» **What the task requires**:
Go to the line holding "Dsiney Kidz - Navy" in the data below and repeat it exactly, then each line after it up to and including the one holding "Rustic Penguin Winter". Omit pictures.

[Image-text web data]
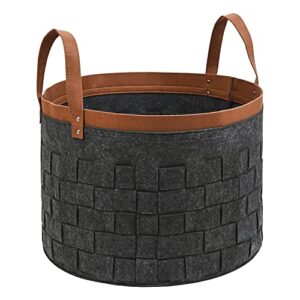 dakcos 65l felt storage basket felt woven basket 19.6″x19.6″x13″ round basket with felt carry handles for toys,towels,clothes,firewood etc.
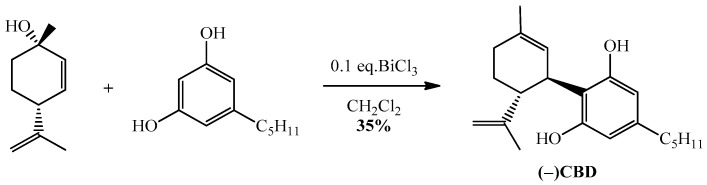 Synthesis of CBD from olivetol and (1S,4R)-1-methyl-4-(prop-1-en-2-yl)cycloex-2-enol.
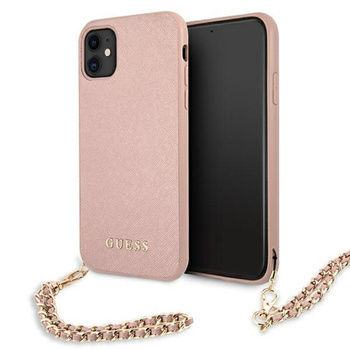 Guess Saffiano Chain - Etui iPhone 11 (różowy)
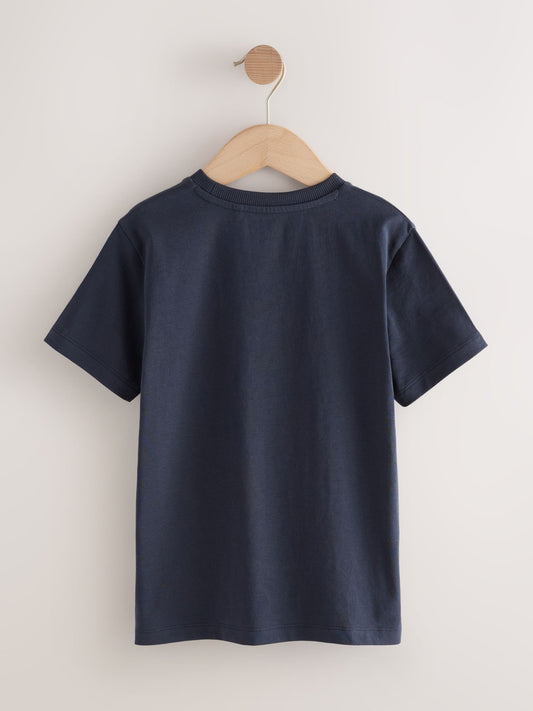 Dsiney Kidz - Navy Digi Happy Face Regular Fit Short Sleeve All-Over Print T-Shirt (3-16yrs) image 2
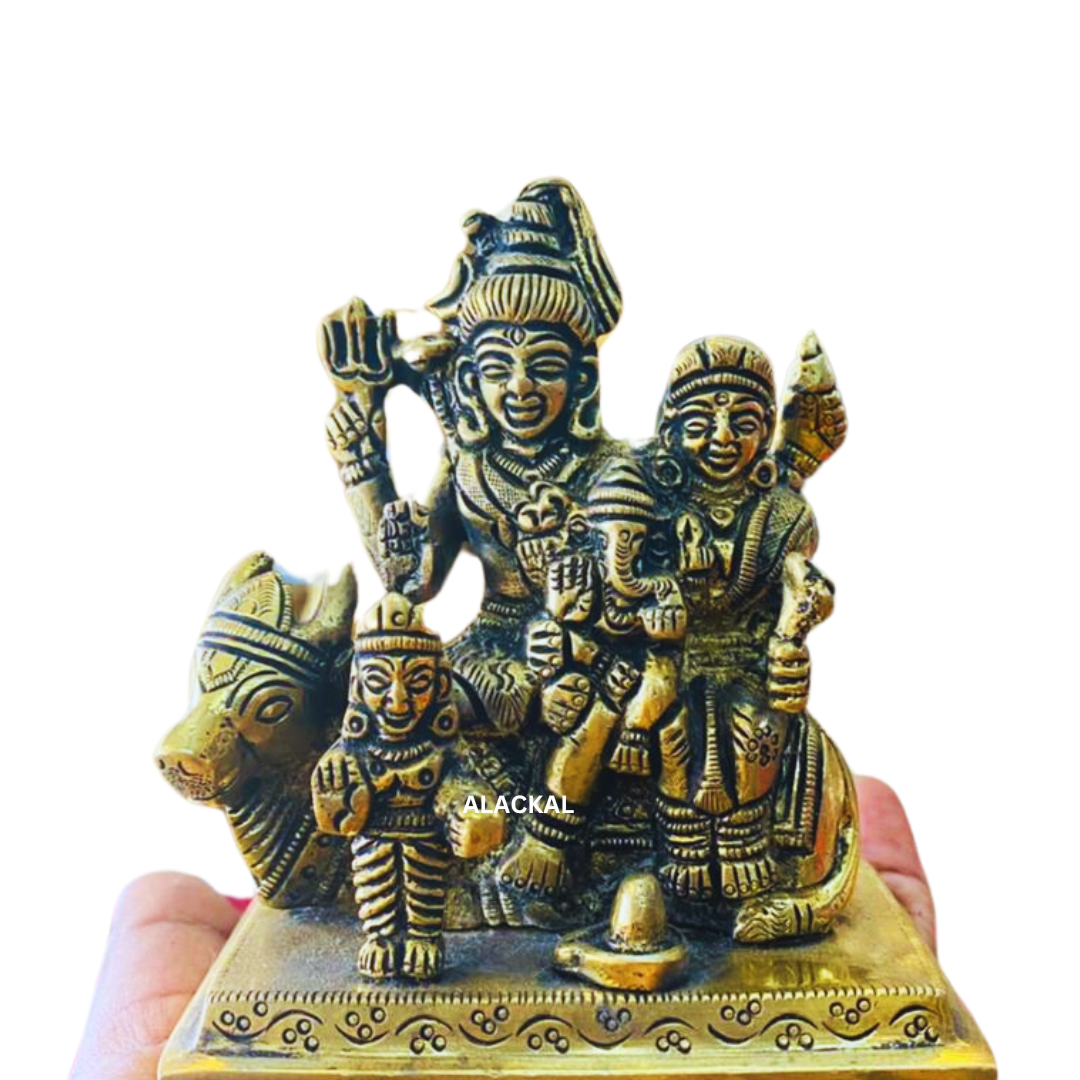 BRASS SHIVAKUDUMBAM | SIVA FAMILY | ANTIQUE FINISH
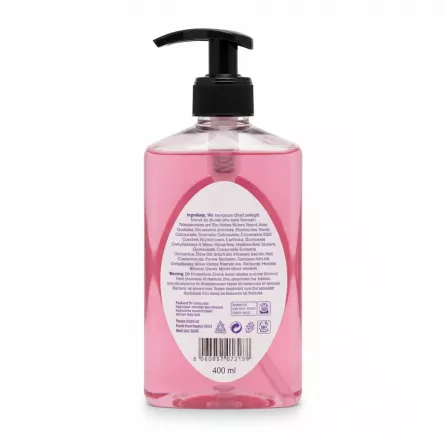 Knights Castle Garden Rose luxury hand soap bottle back view showing ingredients and barcode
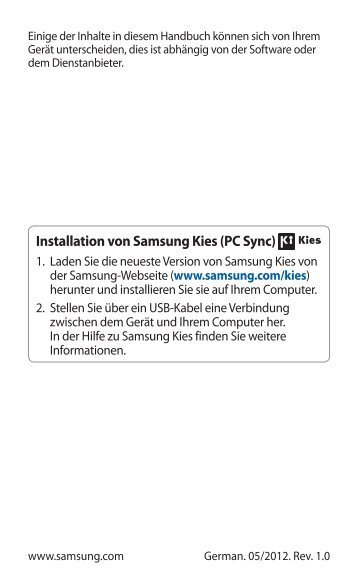 Installation von Samsung Kies (PC Sync)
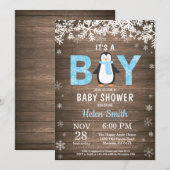 Rustic Penguin Winter Boy Baby shower Invitation (Devant / Derrière)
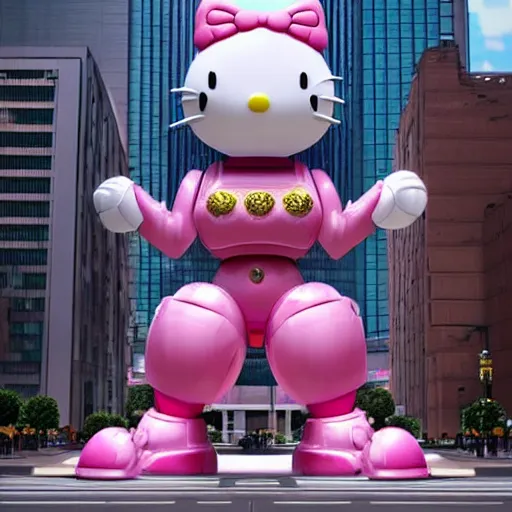Prompt: a beautiful hyperrealistic ultradetailed 3D render of a hello kitty shaped mecha standing in the city, by brian sum and stephen martiniere and Antonio Manzanedo. mech, dragon, unreal engine, octane render, PBR, 3D, brilliantly colored, intricate, wide angle, volumetric lighting, polished, path tracing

» **Response box**:
 Dsiney Kidz - Navy Digi Happy Face Regular Fit Short Sleeve All-Over Print T-Shirt (3-16yrs) image 2
 BRASS SHIVAKUDUMBAM | SIVA FAMILY | ANTIQUE FINISH
 Knights Castle Garden Rose luxury hand soap bottle back view showing ingredients and barcode
 Installation von Samsung Kies (PC Sync)
 Rustic Penguin Winter Boy Baby shower Invitation (Devant / Derrière)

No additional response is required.